No 1º. de janeiro, de lei, eu saía com meus primos e primas para pedir ano-bom*. Depois de dormirmos excitadíssimos por termos ficado acordados após a meia-noite para ver os fogos do Tião Biazzo (ele era sempre o prefeito!) sobre o muro dos fundos da minha vó, fazendo planos de nossos réveillons futuros e espumantes, a gente acordava ainda mais animado para essa nossa versão do doces e travessuras.
A gente saía pelas casas, batia, gritava, afundava o dedo nas campainhas, tudo isso em plena oito horas da manhã do primeiro dia do ano. Mais que pelas balas e as moedas — que àquela época faziam um milagre na compra de besteiras no mercadinho da esquina —, a gente ia pelo desafio de passar em algumas casas.
Pequenos, olhávamos algumas construções enormes com receio e mistério. Com o tempo, todo mundo sabia quem dava o ano-bom e quem não dava, mas ficava sempre a expectativa sobre o Sobrado de Madeira.
Não muito longe da casa da minha vó, parecia o grande objetivo nosso um dia conseguir um ano-bom de alguém do Sobrado. Valeria mais. “Olha, ele é que nem as casas dos filmes!” a gente admirava.
O interfone afundado no muro alto coberto por trepadeiras bem cuidadas era nossa arma. “Quem vai apertar dessa vez?” “Eu não. Vai você.” “E se alguém responder?” No fim, alguém apertava e a gente tremia de expectativa.
Apertava de novo. E de novo. E mais uma vez. A esperança acabando.
Um chiado no fone anunciava que alguém, finalmente, tinha atendido nossas súplicas matinais. “Suas crianças filhas da...” alguém começava a gritar com voz grogue, mas a gente já tinha corrido longe antes de ouvir o resto.
No fim, talvez nem fosse pelo ano-bom que fazíamos isso no Sobrado de Madeira, era mais aquela persistência infantil e um certo sadismo de já começar o ano fazendo maldades. Sem nunca desistir.

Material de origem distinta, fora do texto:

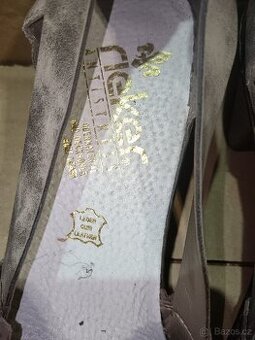 Dámské boty velikost 42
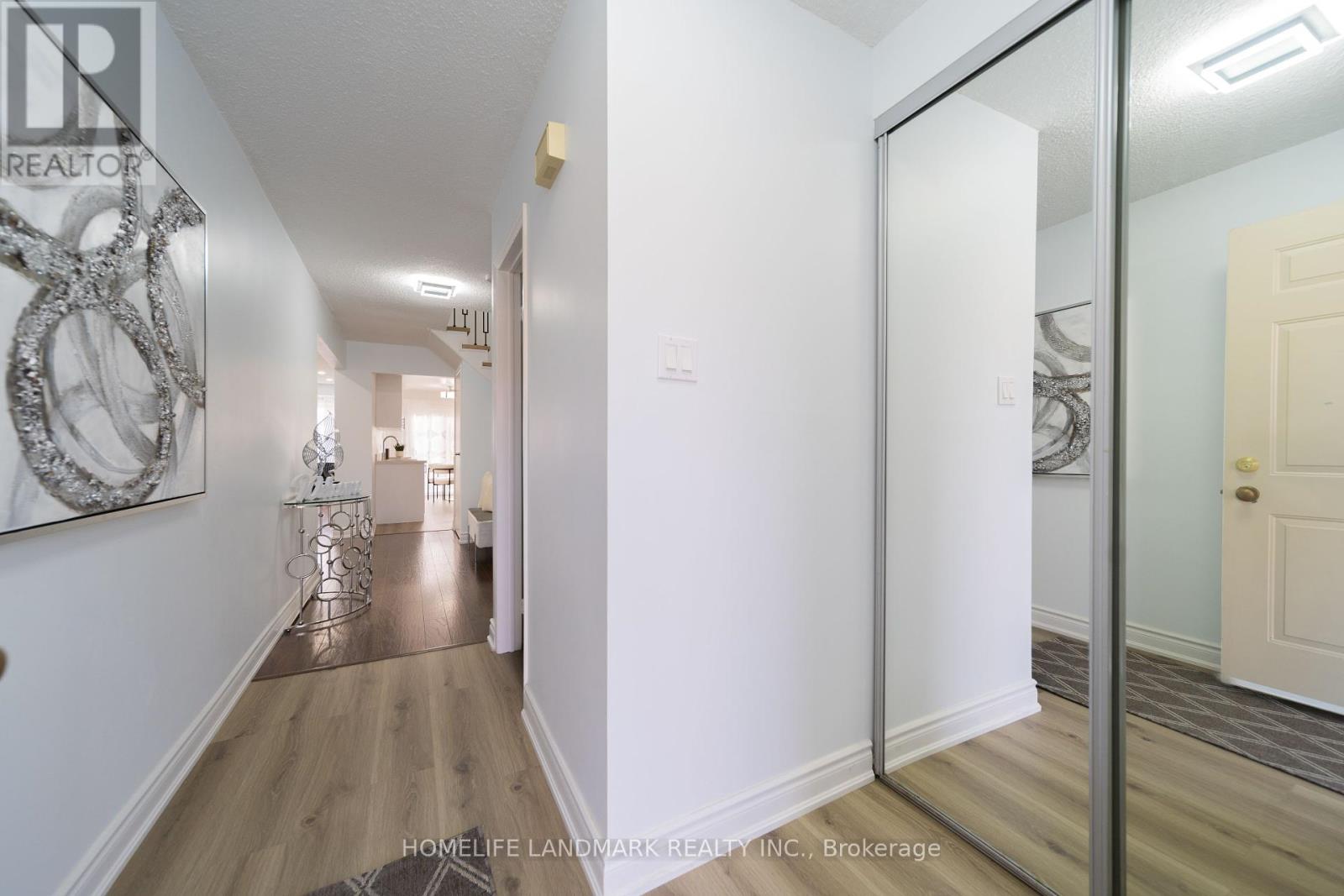 39 - 1230 Kirstie Court, Oakville, Ontario  L6H 5C3 - Photo 2 - W12422592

Hoje, depois de dormir resignadíssimo após 2016 e irritado com o que os fogos estavam fazendo para os bichos, acordei — de um sonho bizarro em que estava perdido pela cidade e pessoas em outdoors me davam dicas sobre alergia — com crianças batendo ao portão. Nem abri os olhos e já comecei um “suas crianças filhas da...”. Mas parei, e enquanto ouvia alguém sair para elas, pensei nessa lembrança.
Que 2017 comece com essa persistência infantil. Sem resignação no ano-bom e no Sobrado de Madeira de cada dia.
—*Não sei se é o mais comum, mas muitas pessoas falam "bom princípio de ano-novo", mas, aqui na minha região, a gente resume para um mais direto "ano-bom" mesmo.